Pour y remédier, Claude Allègre vient de proposer
des mesures visant notamment à faciliter et valoriser la
recherche. Si cette initiative pour enrayer l'exode va dans le bon
sens, elle ne suffira pas pour autant à assurer
l'émergence de cette main-d'uvre hautement
qualifiée dont nous manquons. C'est en amont qu'il est
également urgent d'agir. On le voit bien avec l'exemple des
États-Unis où déjà, en dépit d'une
augmentation de 43 % du nombre d'étudiants en
informatique, 300 000 emplois non pourvus dans cette branche
d'activité particulièrement porteuse obligent les
dirigeants à recruter à l'étranger les
spécialistes qui leur font défaut. Le Vice
Président Al Gore a annoncé que 425 millions de dollars
seraient consacrés à la formation des étudiants
et des professeurs aux Nouvelles Technologies.
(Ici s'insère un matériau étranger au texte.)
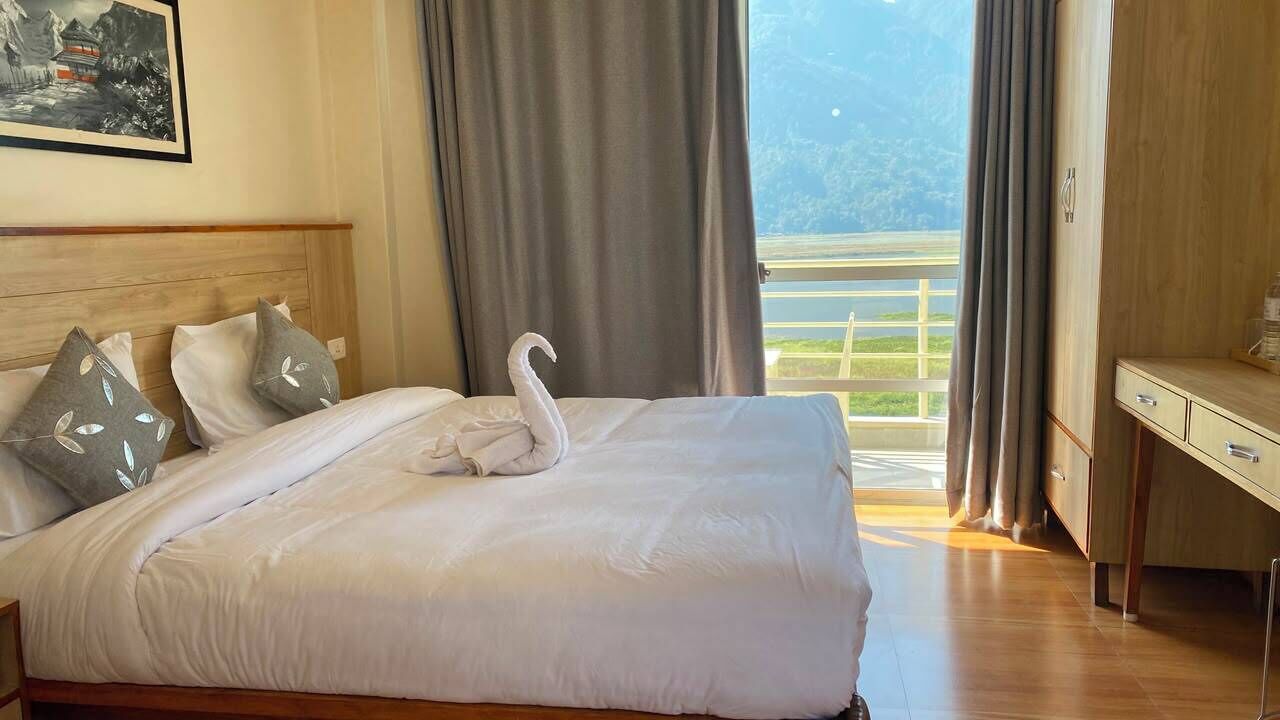 A hotel room with a bed, a desk, and a view of a mountainous landscape.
Certes nos responsables politiques ont pris conscience de notre
retard et clairement exprimé leur volonté de faire de
la France " un acteur de premier plan dans la bataille de
l'innovation " . Pour l'Éducation nationale, un
plan ambitieux a été présenté. Nous
admettons qu'il faudra du temps pour mener à bien l'entreprise
mais pour assurer sa réussite, quitte à nous
répéter inlassablement, il est indispensable et
urgent de redéfinir les finalités et les objectifs
de notre système éducatif, de lever les freins et les
obstacles institutionnels : contenus disciplinaires, formation
des enseignants, équipement, promotion et développement
de produits adaptés , rôle et attributions de la
hiérarchie.
Par ailleurs, la fusion des IUFM et des MAFPEN continue de
susciter un certain nombre d'interrogations, voire
d'inquiétudes, quant à savoir, hormis le recrutement de
1 000 docteurs, qui y enseignera, quoi et comment ? Par
exemple, dans le cadre des protocoles d'accord passés entre
l'Éducation nationale et des multinationales du secteur de
l'informatique et des communications, une société
commerciale américaine annonce qu'elle offre gratuitement
à 800 futurs enseignants (sur environ 42 000
annuellement...) une formation de 2 journées pour apprendre
à naviguer sur Internet et à créer un site
Web ! Sans tarder, faisons donc bénéficier de
cette recette aussi magique que rapide les 850 000 enseignants
du terrain pour le plus grand bien des quelques douze millions et
demi d'élèves dont ils ont la charge.
Nous nous étions réjouis de noter, qu'enfin, les
nouvelles technologies seraient intégrées au cursus de
la formation initiale, mais tout en craignant que ce ne soit par un
transfert au détriment de la formation continue qui se ferait
sur le "tas". Malheureusement, pour l'instant, ces craintes sont
confirmées par les nombreux témoignages que nous
recevons quotidiennement : suppressions de stages, même
remplacés, incertitude quant à l'avenir des formateurs
MAFPEN. Espérons que la table ronde que Claude Allègre
vient d'ouvrir avec les syndicats pour débattre de la
formation des différentes catégories de personnels de
l'Éducation nationale, permettra de mettre en place rapidement
des solutions adaptées, d'autant plus que le Ministre
lui-même affirme " les nouvelles technologies seront la
priorité absolue " et estime que la formation
continue est " un devoir autant qu'un droit ".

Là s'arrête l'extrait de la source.